Don’t be Afraid of the Dark
I think the best horror films are those that strip any adult logic from you and return you to a child-like state in which simple noises and shadows can cause gooseflesh, much less ideas and images.
This film does pretty well in making its audiences remember what it was to be a kid and scared of things that logic and common sense should discount.
It does so without a big serving of gore but with a fairly sympathetic central character and a really good monster — or monsters.
Alex (Guy Pearce) is an architect who has moved into his new project — renovating the home long closed that once belonged to a distinguished artist. All is going well until his daughter, Sally, shows up. It seems her mom has other priorities and has dumped her on her ex.
The only person who welcomes Sally’s arrival is Kim (Katie Holmes), Alex’s girlfriend and designer. Sally (Bailee Madison) rejects her attention and retreats to her room where she hears voices telling her things she wants to hear.

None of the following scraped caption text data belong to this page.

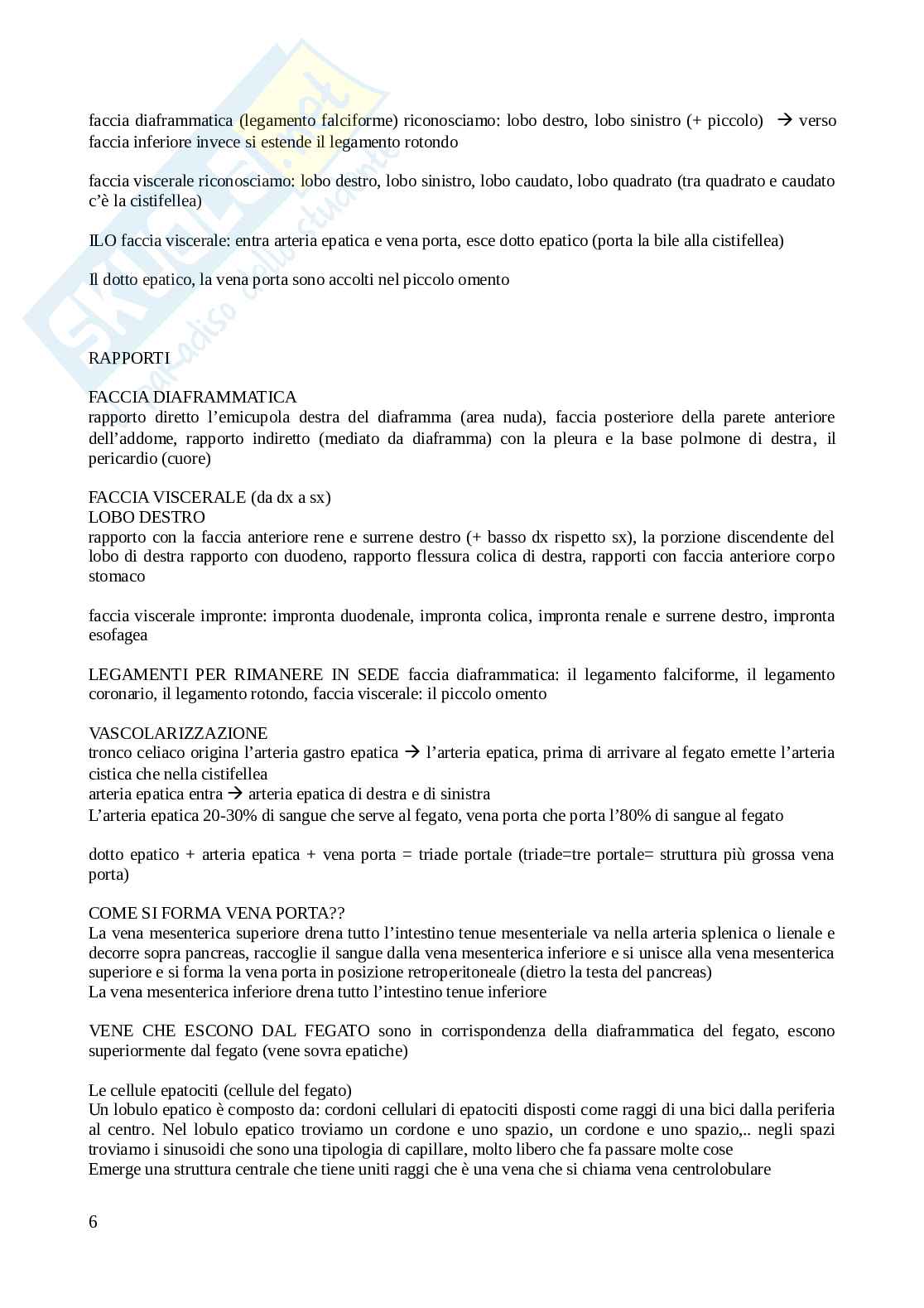 Apparato digerente e ghiandole annesse Pag. 6
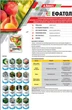 Фунгіцид Ефатол 10 г Adiant+ - зображення 2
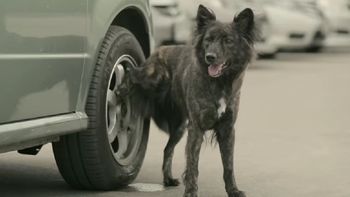 fin de un misterio: enterate por que los perros hacen pis en las ruedas de los autos fin de un misterio: enterate por que los perros hacen pis en las ruedas de los autos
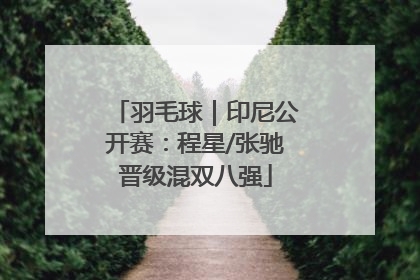 羽毛球｜印尼公开赛：程星/张驰晋级混双八强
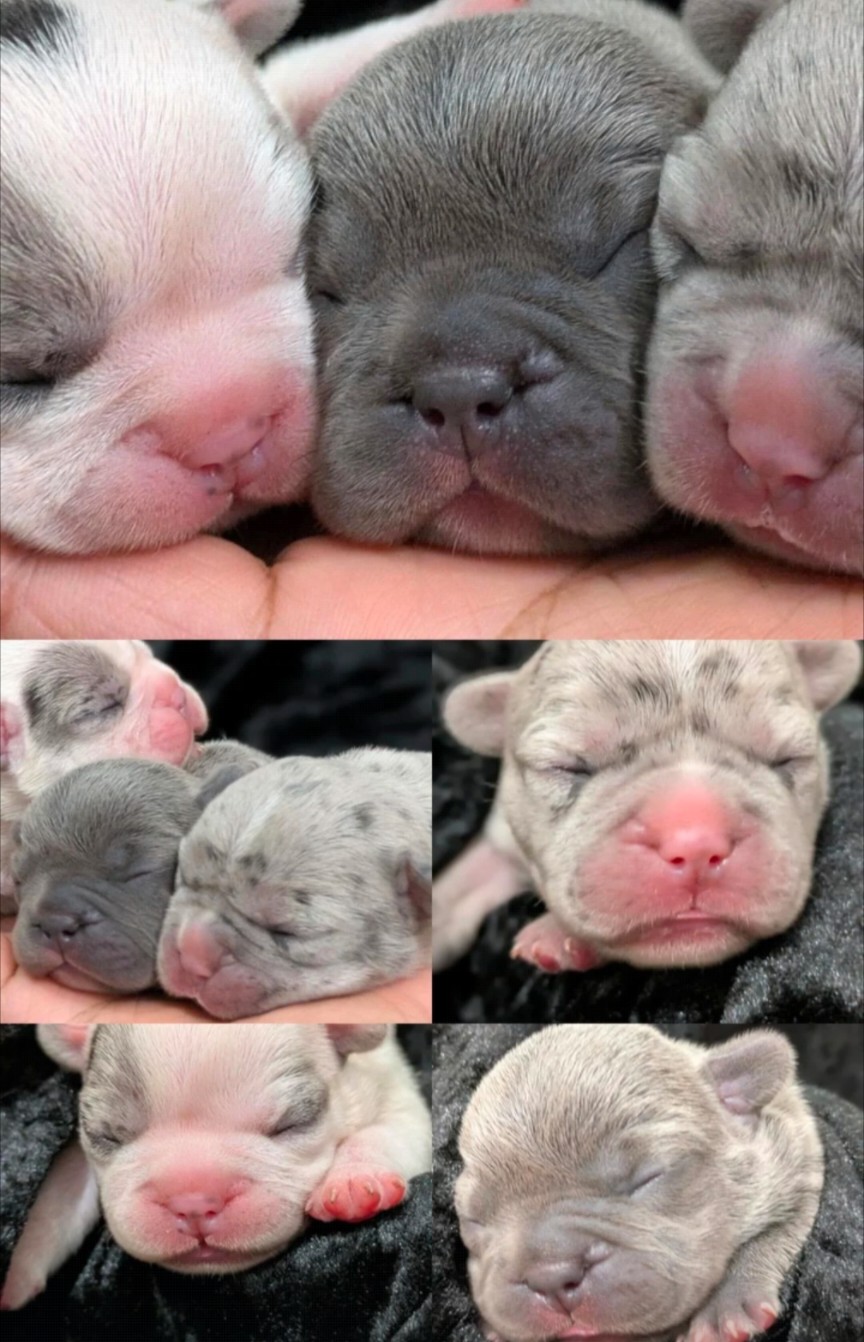 Bel-Air Frenchies's image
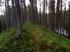 BILDANDE AV Stor-Lomsjömyran-Björkbäcksmyrans naturreservat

Although there is a sizable logic problem that happens during a key section of the film, first time feature film director Troy Nixey did an admirable job with a script by Guillermo del Toro and Matthew Robbins, which is based on the original film of the same name made for television in 1973.
For horror fans who like their films moist with blood, this film might be weak tea, but for those of us who like a little more subtlety, “Don’t be Afraid of the Dark” is quite good.